How can you ask someone if they would like or need something if they are very entrenched with how your product currently works?
Asking someone if they want something is like outsourcing your work. It’s the product development team’s job to figure it out based on needs, behaviour, hacks and other data.
There is the alleged Henry Ford quote around if you ask what people want they will ask for “faster horses”.
To sum it up our challenges were -
Validating an entirely new concept with our customer base. They are very accustomed to the current product. Customers are less likely to think about a new way of working if they are very familiar with our product. Many have a mature and highly embedded setup based on our current product features. If they were thinking about this new way of working, they would either be using a substitute product either wholly or partially.
This new concept could change how our organisation thinks about and organises its services. there’s a potential to have a big impact on the corporate strategy and other products.
Working on a high visibility project with multiple stakeholders, with their own opinions.
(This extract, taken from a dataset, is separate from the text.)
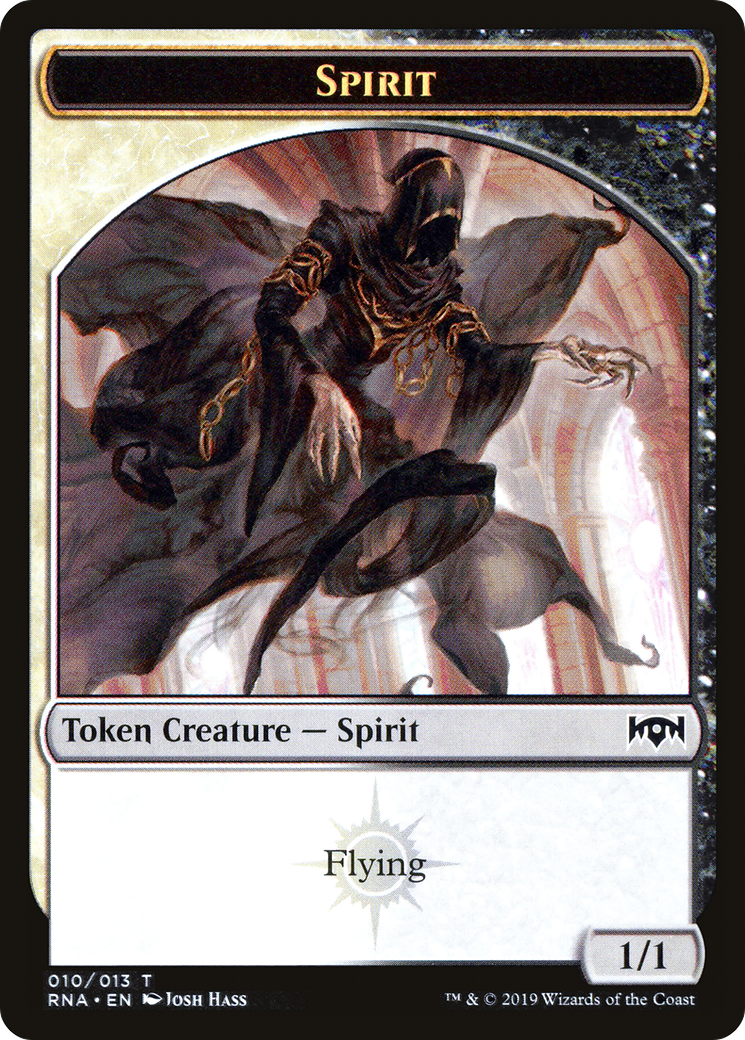 Spirit Token (010) - Ravnica Allegiance Tokens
Project team - essential cast and supporting crew
Direct team members: User Researcher, Product Manager, Product Design
Supporting team members: Engineering
How we kicked off the project - with a lot of debate and discussion
Establishing early who does what
This is important, particularly when involving a UX Researcher and a Development team. Sometimes there’s an expectation that a research project can be handed over to a UX Researcher completely. We were lucky to have an active stakeholder group. The team understood that knowledge can be and should be gained as the project progresses. There were no surprises when the research report was completed. All insights were actively carried and recalled throughout the project by the team.
Having a clear goal for the project
The project could have gone in many directions - we could have validated a hypothesis early and gone narrow prematurely. Opportunities for making something really innovating would have been limited.
Ultimately we wanted to use the time and effort to capture existing behaviour, needs and workarounds which give us an indicator of needs.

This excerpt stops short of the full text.